— WHAT IS BEING ASKED —
A word-for-word copy of the lines below, starting at the line with "4556 Elmbank Ave, Saint Louis, MO 63115" and ending at the last one, is what you should give. Omit every picture.

### THE DATA

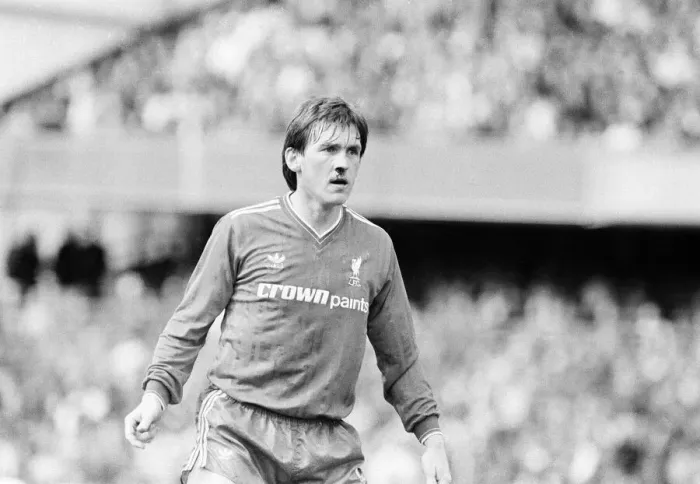 Framed Print : Chelsea 0-1 Liverpool, League match at Stamford Bridge, Saturday 3rd May 1986 Framed Print : Chelsea 0-1 Liverpool, League match at Stamford Bridge, Saturday 3rd May 1986
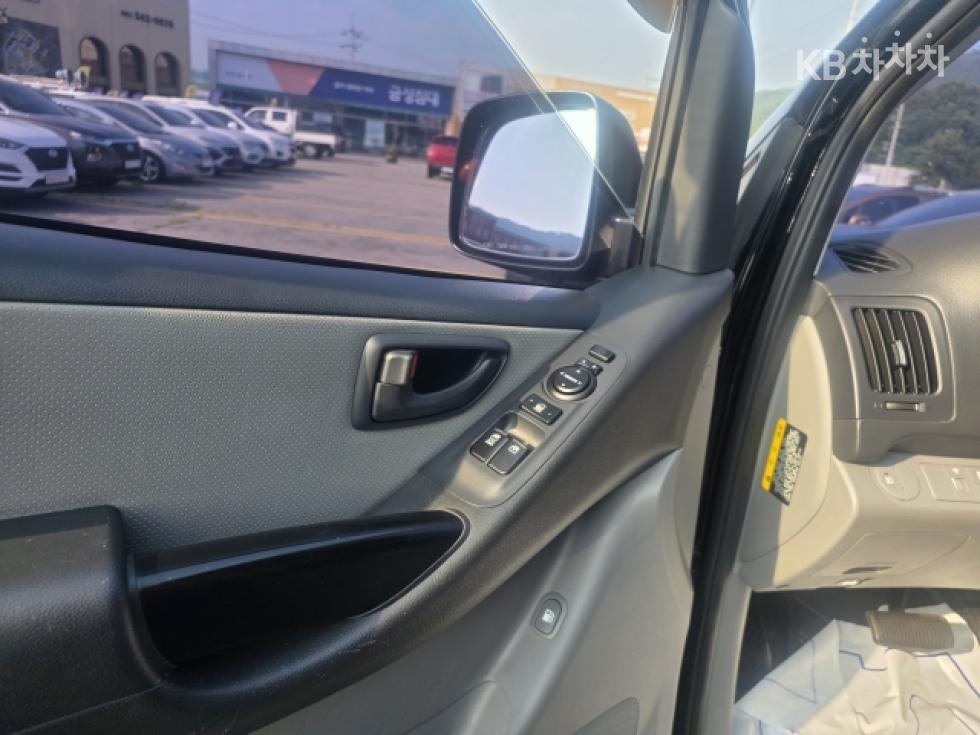 Hyundai Starex — miniaturë 8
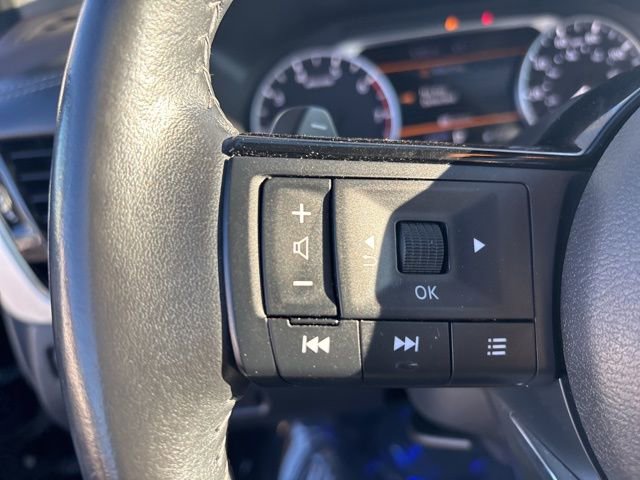 Used 2023 Nissan Rogue SL image 16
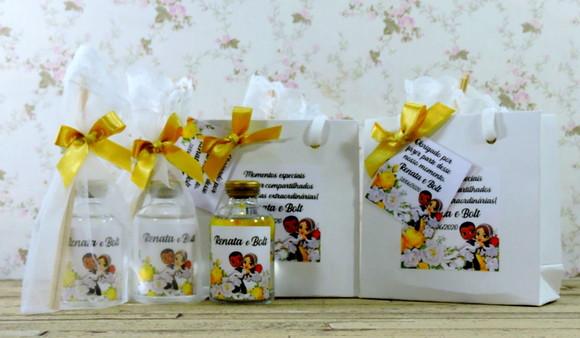 Lembrancinha de Casamento Mini Difusor na Sacolinha
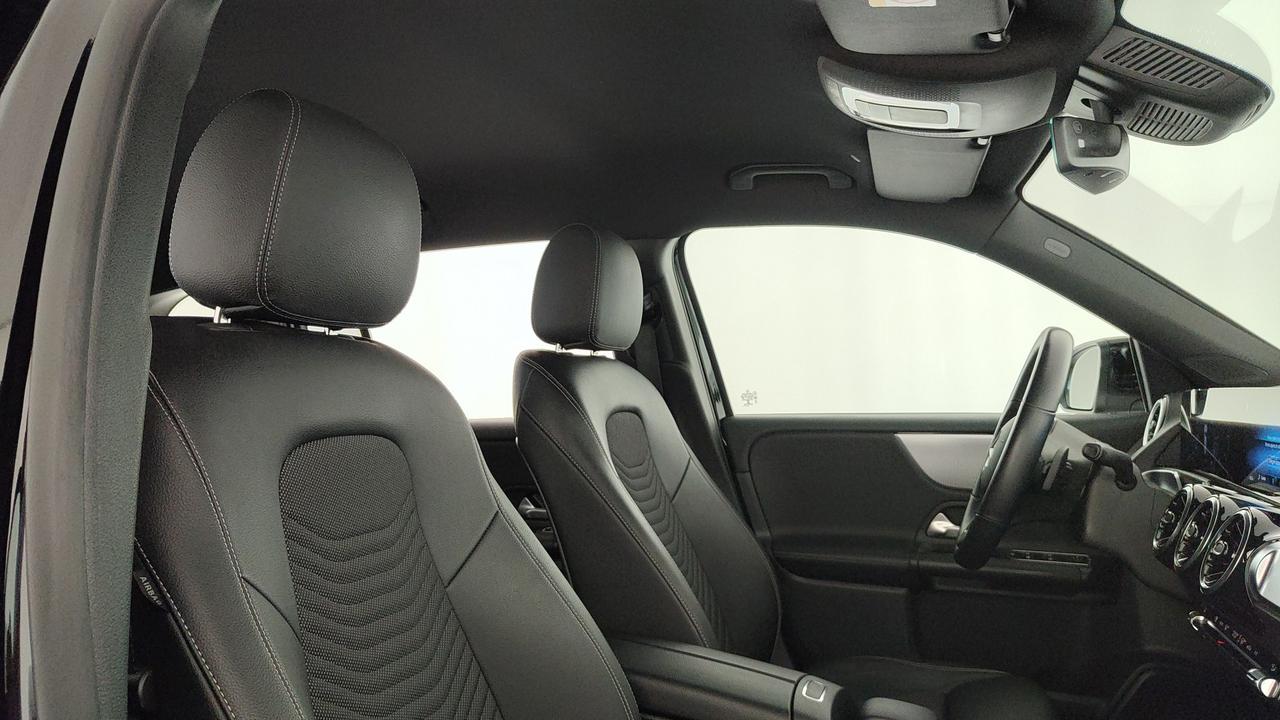 Mercedes-Benz GLB 180 d Business Extra auto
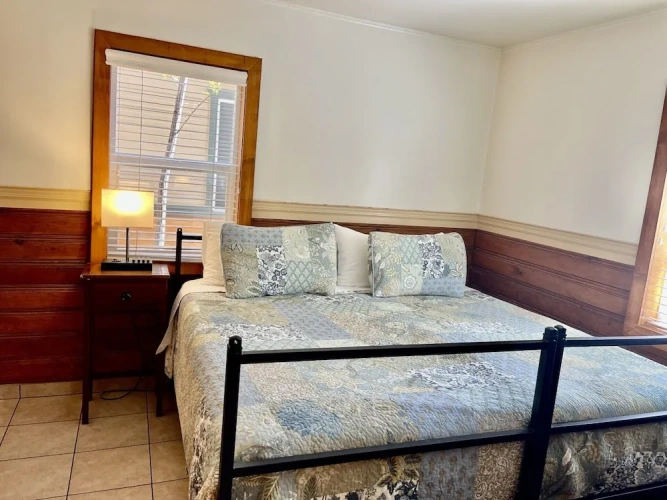 1 Bedroom Standard Double Family room with mountain view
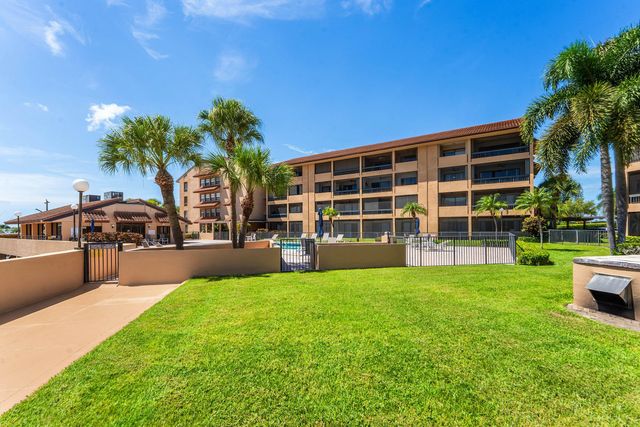 1030 Us Highway 1 413, North Palm Beach, FL 33408
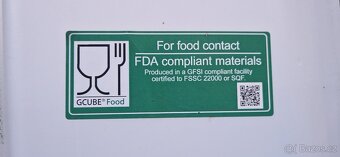 Zásobník 1000 litrů - potravinářský - víno,voda, kvas - 2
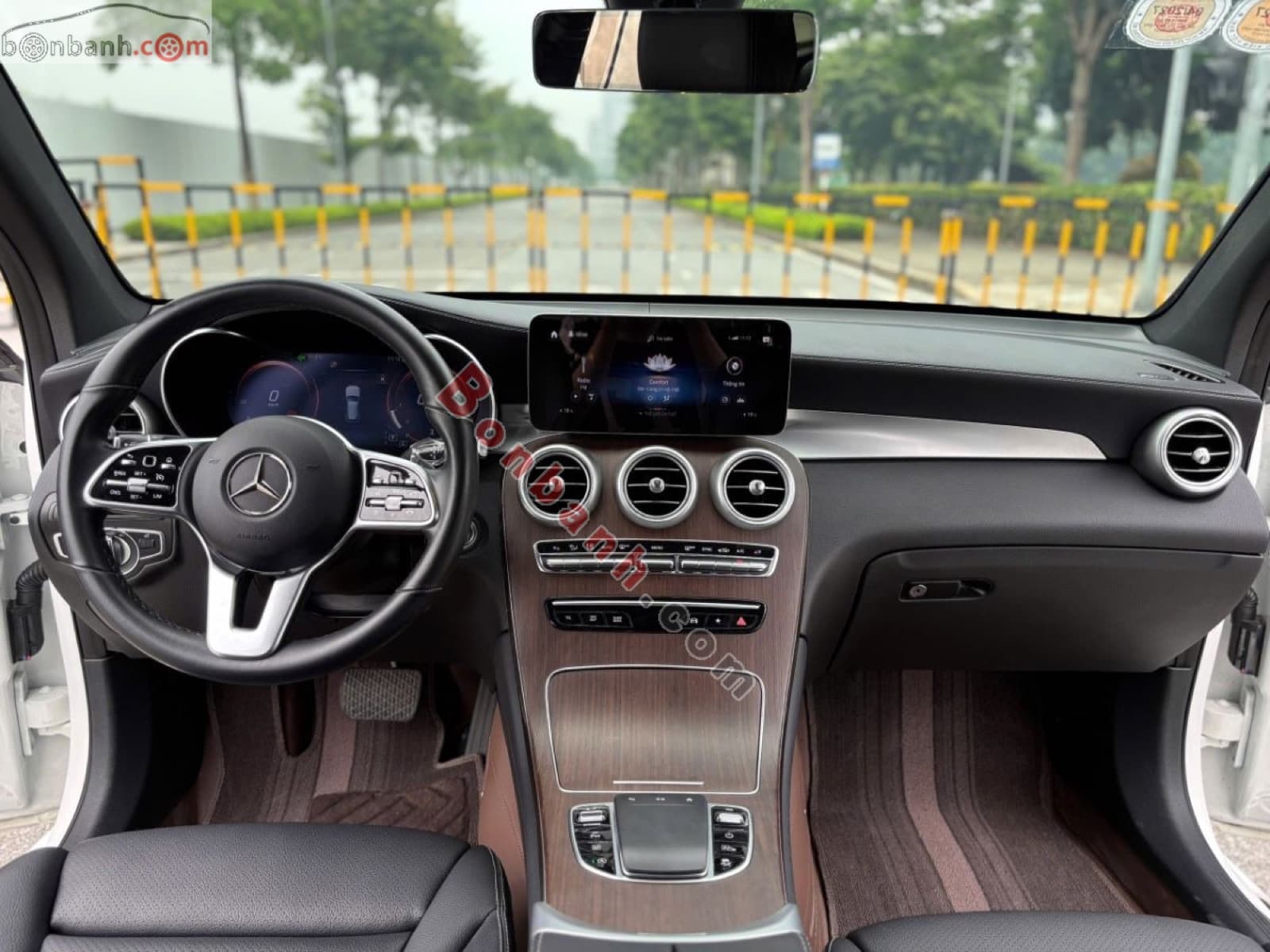2022 Mercedes-Benz GLC 200 4Matic - ảnh nhỏ 6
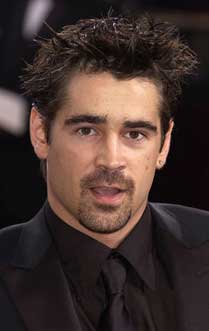 Фарел се забавлява със Спиърс в хотелска стая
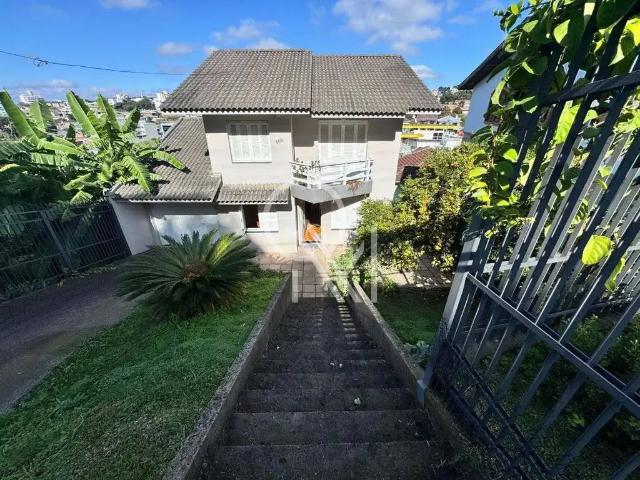 Casa / Sobrado para Venda em Caxias do Sul/RS Petrópolis 3 Quartos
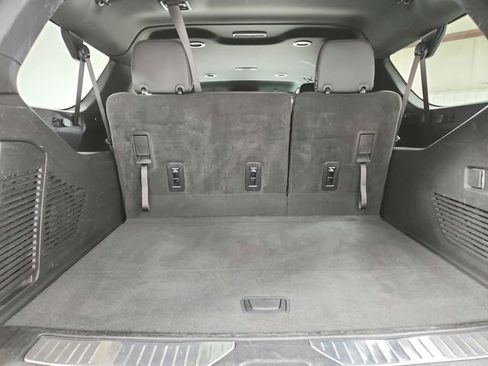 Used 2024 Chevrolet Suburban RST image 46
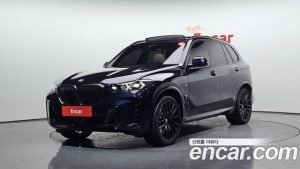 BMW X5 xDrive 40d M Sport Online Exclusive Edition 2025 года из Южной Кореи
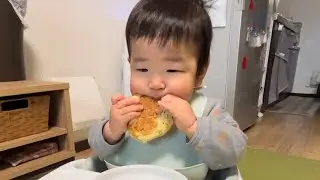 【1才5ヶ月】噛む練習 [1 year and 5 months] Chewing practice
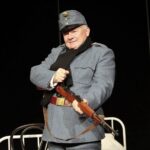 21.09.2021. Kielce. „Nazywam się Szwejk. Józef Szwejk” monodram Mirosława  Bielińskiego z Teatru TeTaTeT / Wiktor Taszłow / Radio Kielce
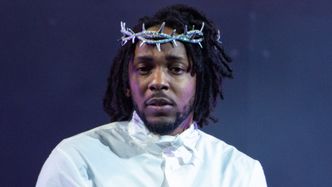 Kendrick Lamar wystąpił na festiwalu Glastonbury w CIERNIOWEJ KORONIE wysadzanej 8 tysiącami diamentów!
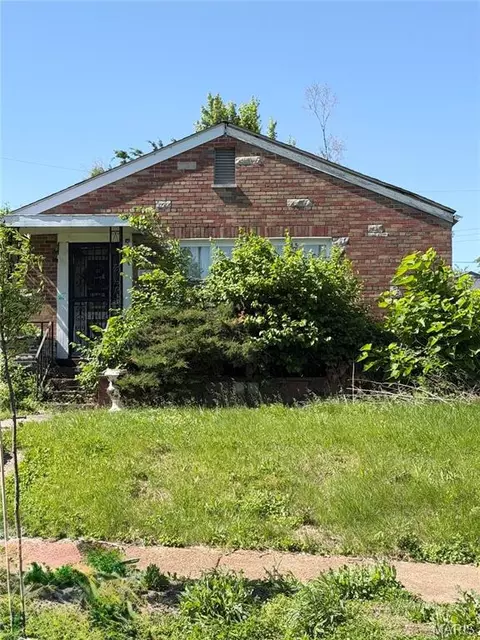 4556 Elmbank Ave, Saint Louis, MO 63115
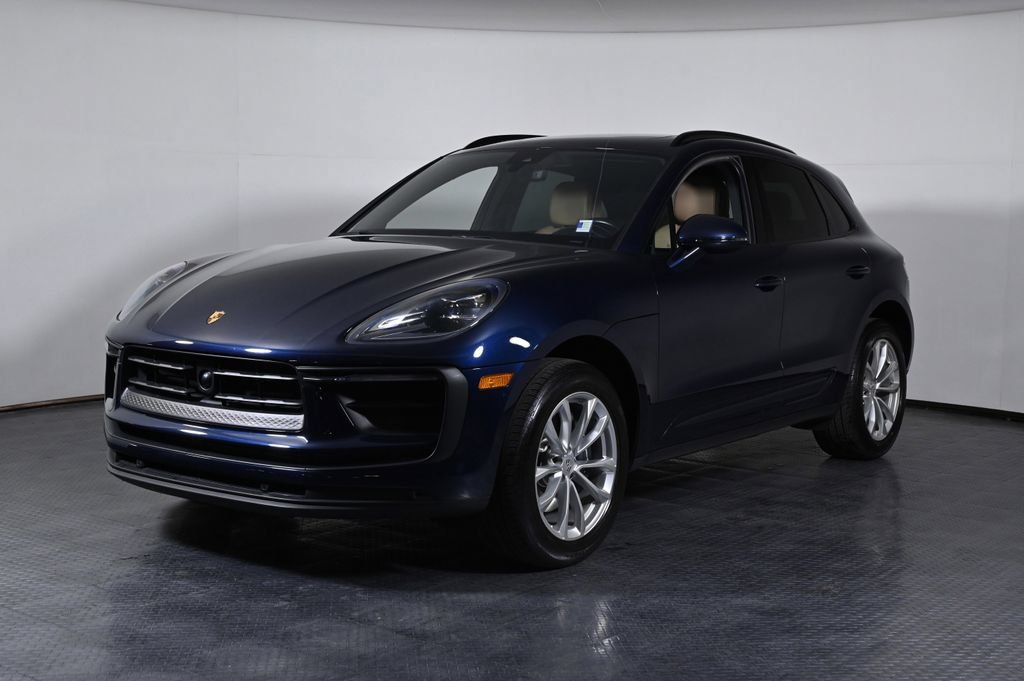 Used 2023 Porsche Macan AWD/4WD video 1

######

— ANSWER AREA —
 4556 Elmbank Ave, Saint Louis, MO 63115
 Used 2023 Porsche Macan AWD/4WD video 1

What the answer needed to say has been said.